"Gilgamesh tomb believed found" (BBC, via Archaeologica News)
Archaeologists in Iraq believe they may have found the lost tomb of King Gilgamesh - the subject of the oldest "book" in history.
The Epic Of Gilgamesh - written by a Middle Eastern scholar 2,500 years before the birth of Christ - commemorated the life of the ruler of the city of Uruk, from which Iraq gets its name.
Now, a German-led expedition has discovered what is thought to be the entire city of Uruk - including, where the Euphrates once flowed, the last resting place of its famous King.
Maybe. I can't remember anything about Gilgamesh being buried in the Euphrates and I can't find anything about this in the Epic. But it sounds as though they're finding lots of interesting things anyway.

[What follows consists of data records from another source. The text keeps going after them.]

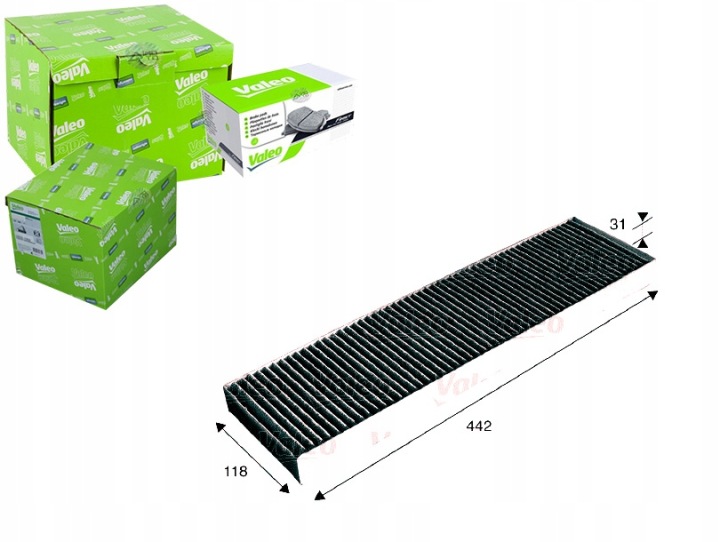 FILTRE CABINES AVEC WEGLEM MINI (R56) (R57) (R58) (R59)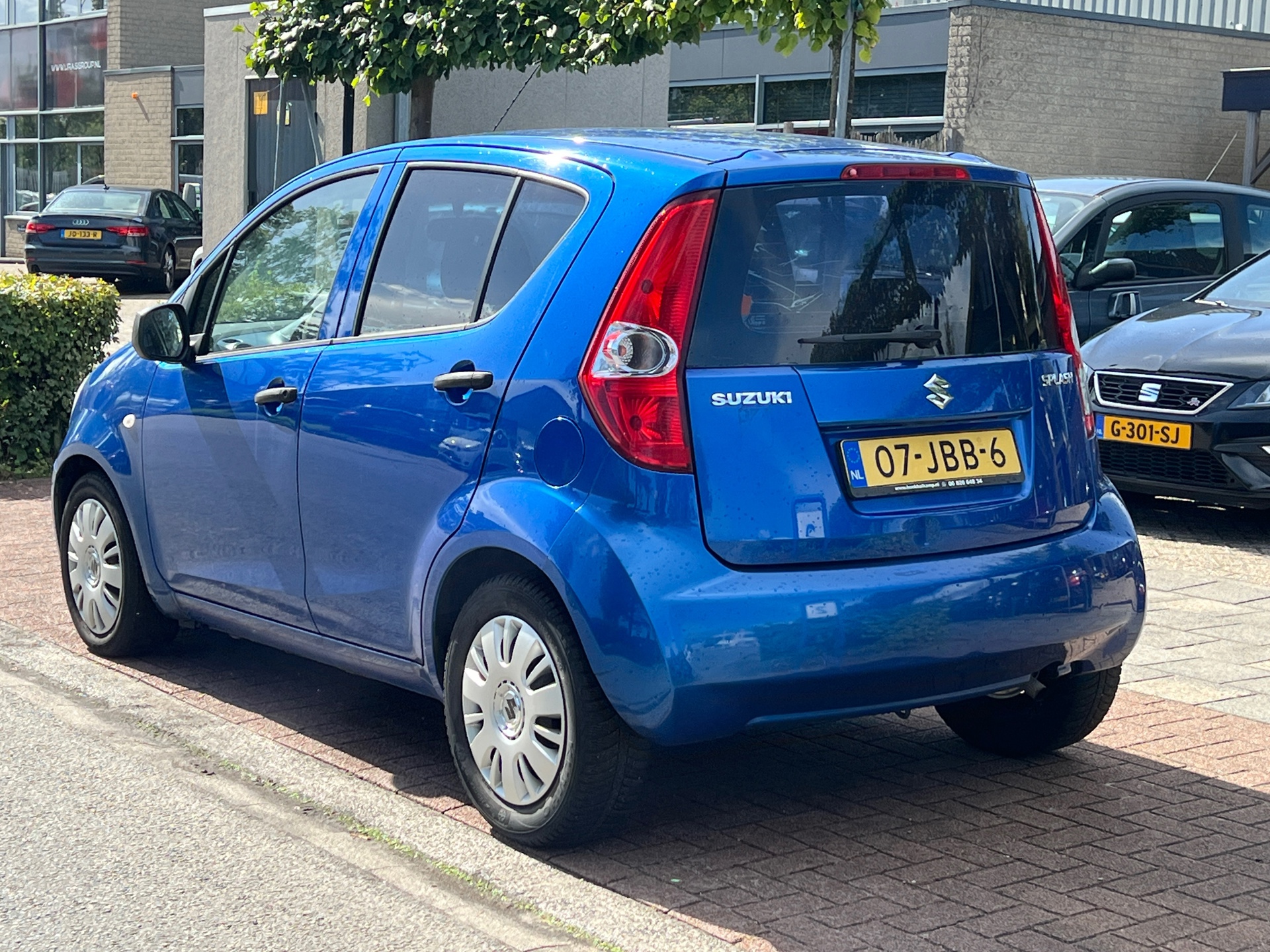 Foto van Suzuki Splash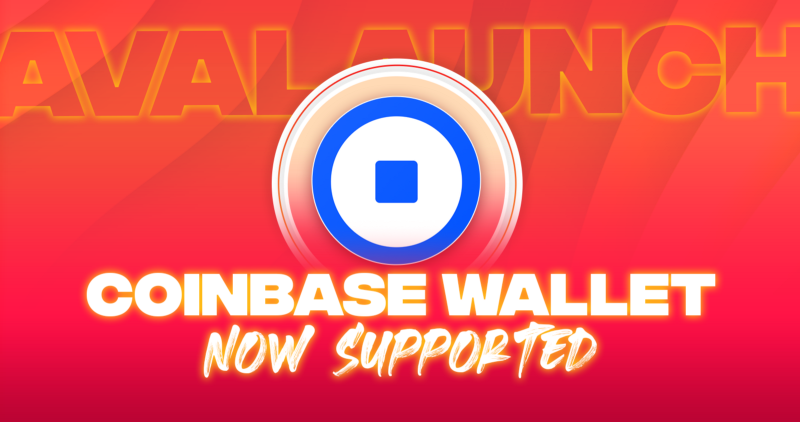 Avalaunch Integrates Coinbase Wallet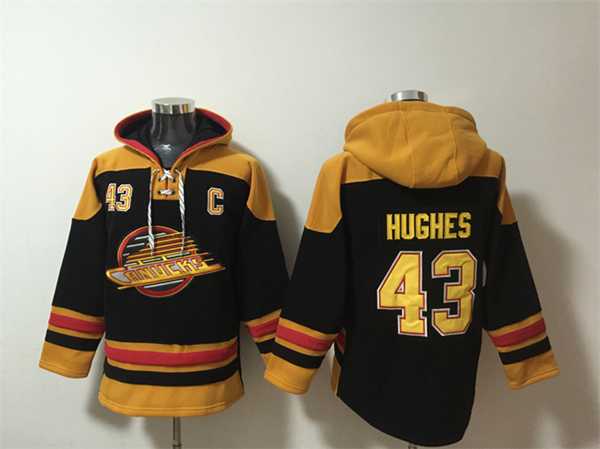 Men's Vancouver Canucks #43 Quinn Hughes Green Ageless Must-Have Lace-Up Pullover Hoodie,We sell and wholesale Men's Vancouver Canucks #43 Quinn Hughes Green Ageless Must-Have Lace-Up Pullover Hoodie on line form chian!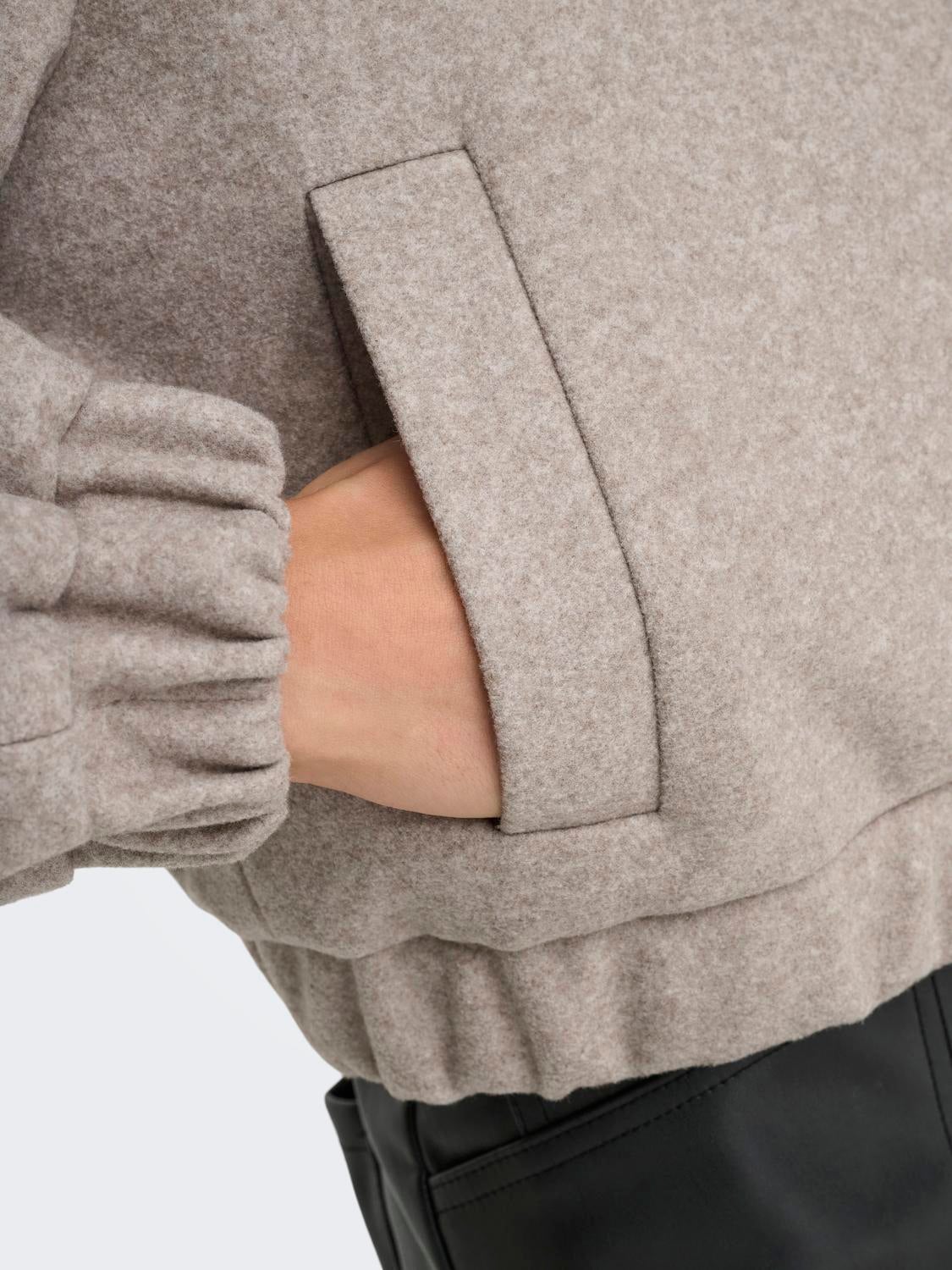 ONLNANCY Jacke Simply Taupe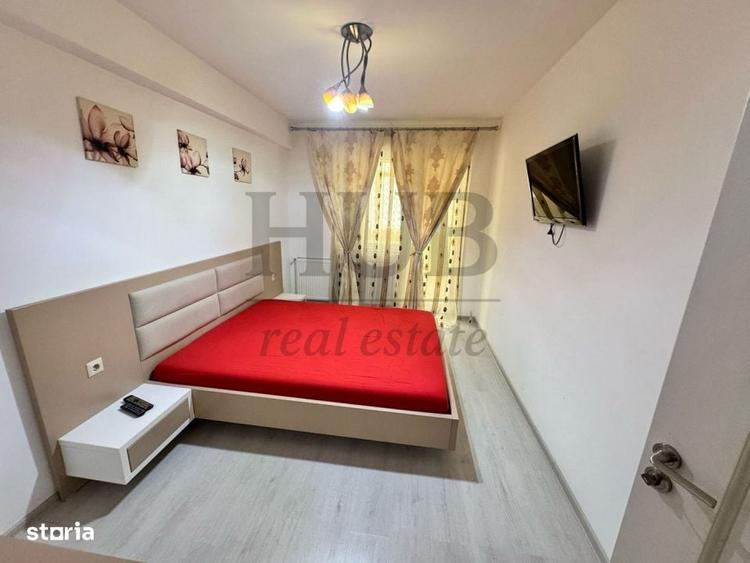 Apartament cu 2 camere, mobilat în Nord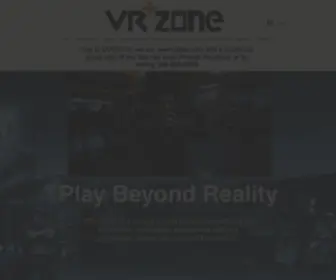 VRpluszone.com(Virtual Reality) Screenshot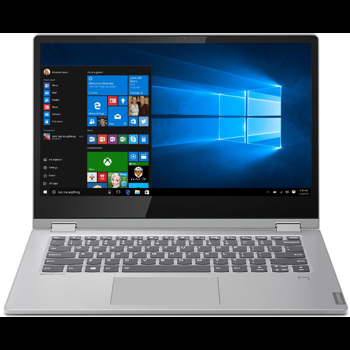 Laptop 2 in 1 Lenovo Ideapad C340-14API, AMD Ryzen 3 3200U, 14", Full HD, Touch, 4GB, 256GB SSD M.2, Radeon Vega 3, Windows 10, Platinum Grey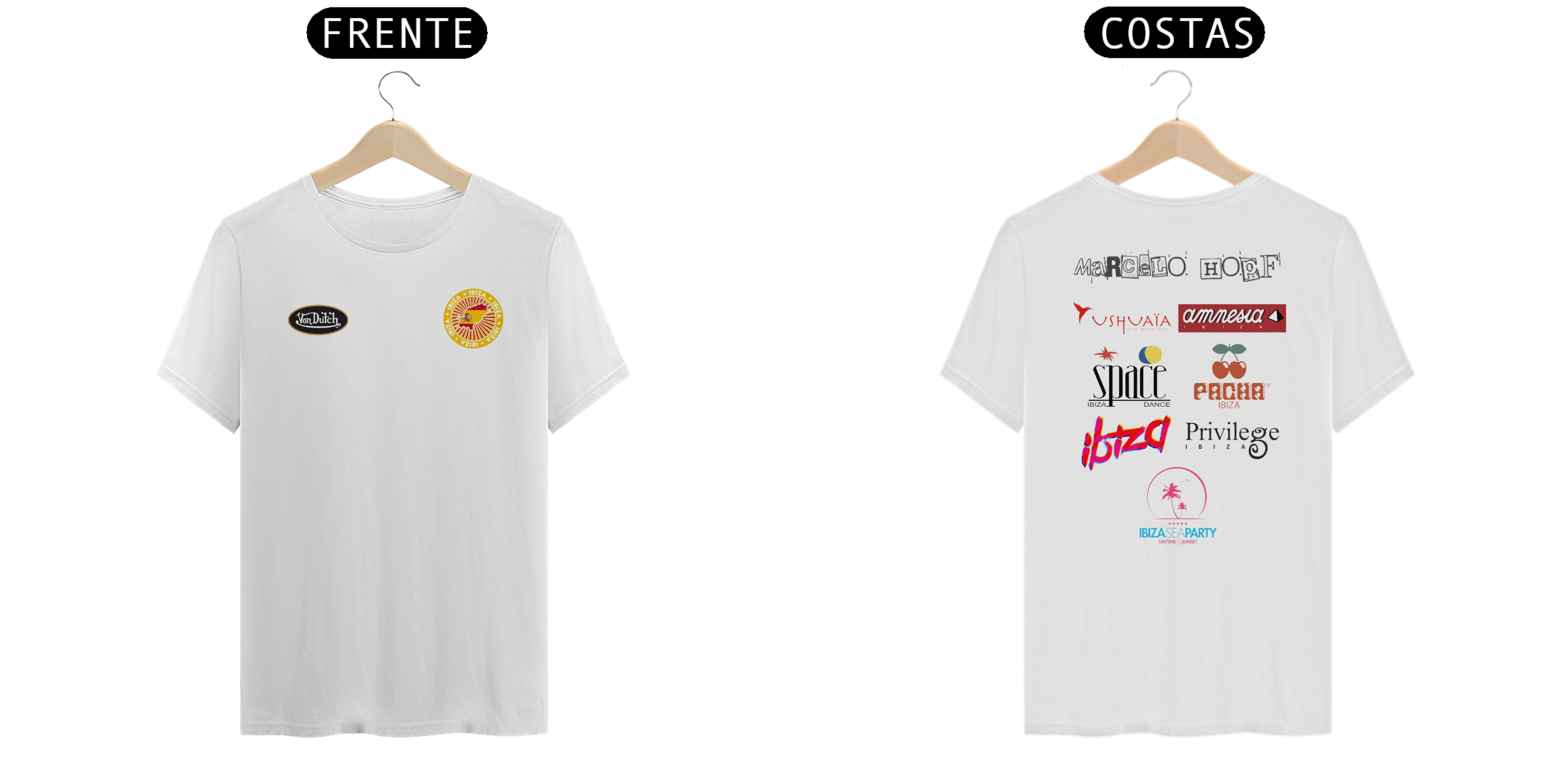 Nome do produto: CAMISETA IBIZA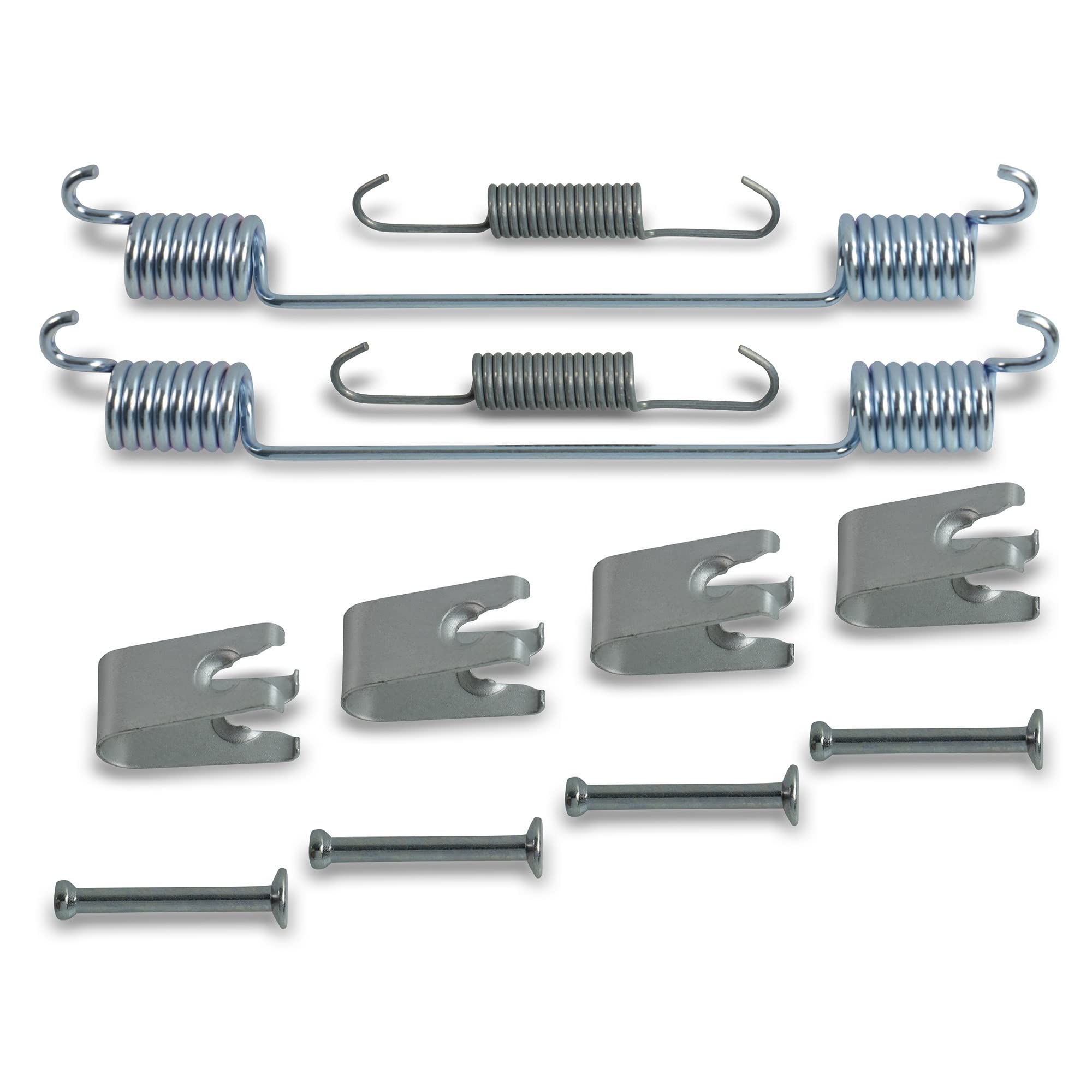 BESTPRICE 2x Cilindretto freno, 1x Kit ganasce freno, 1x Kit accessori, Ganasce freno Compatibile con: OPEL ADAM, CORSA D, CORSA D Kasten/Schrägheck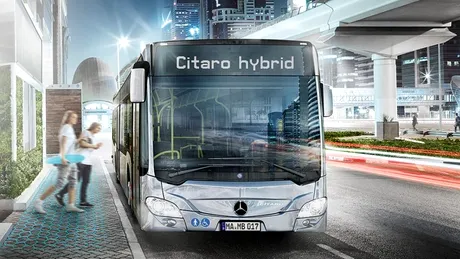 Cum arată autobuzele hibride care vor circula în București?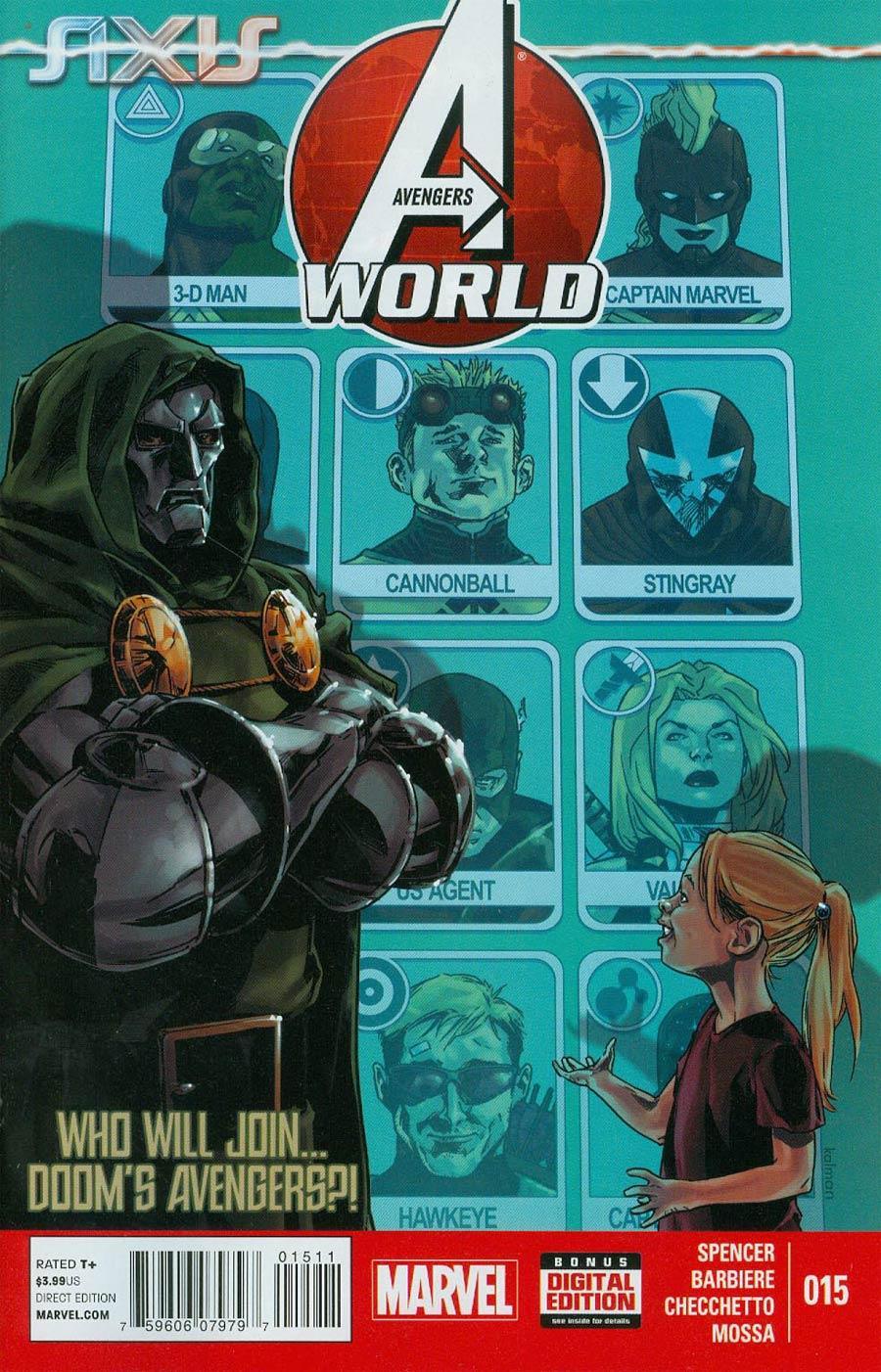 AVENGERS WORLD #15 AXIS - Kings Comics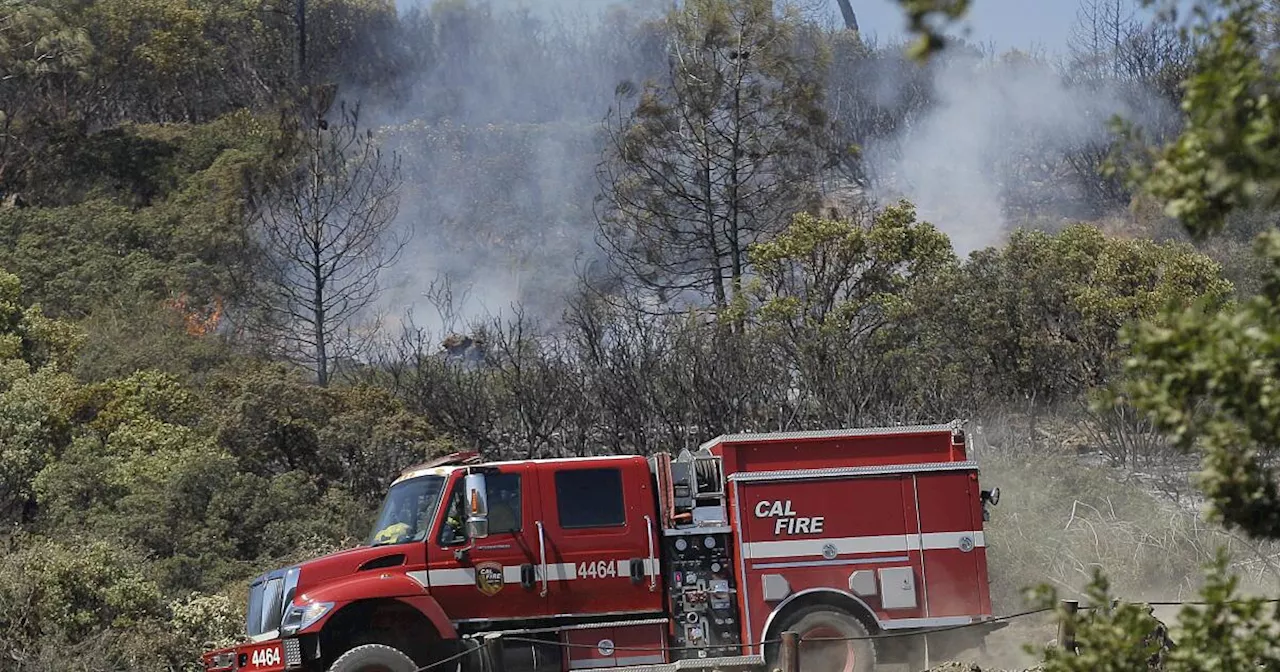 Firefighter accused of setting blazes in Northern California was a former inmate firefighter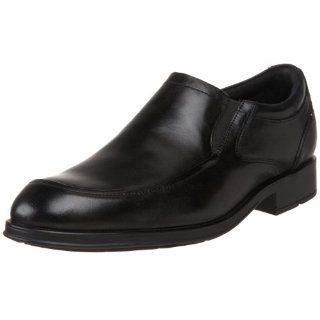  Florsheim Mens Preston Split Toe Slip On,Brown,8 D US Shoes
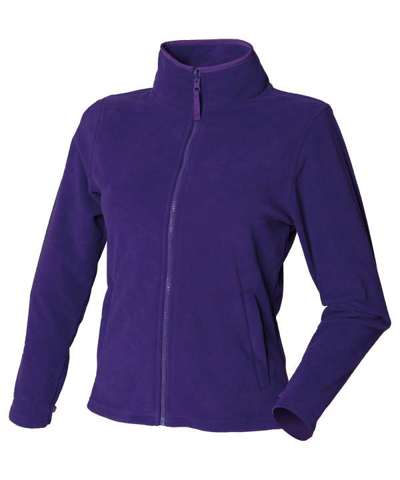 Ladies Micro Fleece Jacket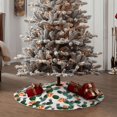 thumbnail image 6 of Balery Cactuses Printed Christmas Tree Skirt , Merry Christmas Party Christmas Tree Decoration,Adjustable Tree Skirt-48", 6 of 8
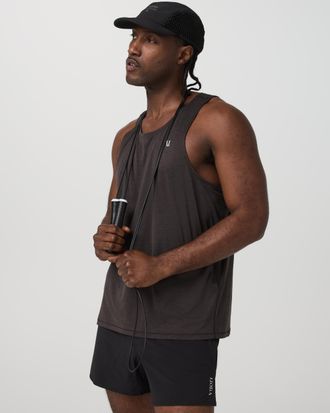 Vuori Clothing Sleeveless Terrain Tank Top | Sandalwood | Medium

What, you ask, does this have to do with ancient Judaism? Well, the Gilgamesh Epic has a Flood story with parallels to both the J and P versions of the Flood, and the Priestly writer comes in the PaleoJudaic time period. Plus, a Sumerian Gilgamesh fragment quotes the same proverb as Qoheleth 4:4b, and Qoheleth's advice in 9:9-10 is strikingly similar to the advice of Siduri the barmaid to Gilgamesh in Tablet X iii, at least showing that some of Qoheleth's ideas have a background in Gilgamesh material. And Gilgamesh himself appears as a giant in the Aramaic Book of Giants from Qumran (for a summary of which, follow this link).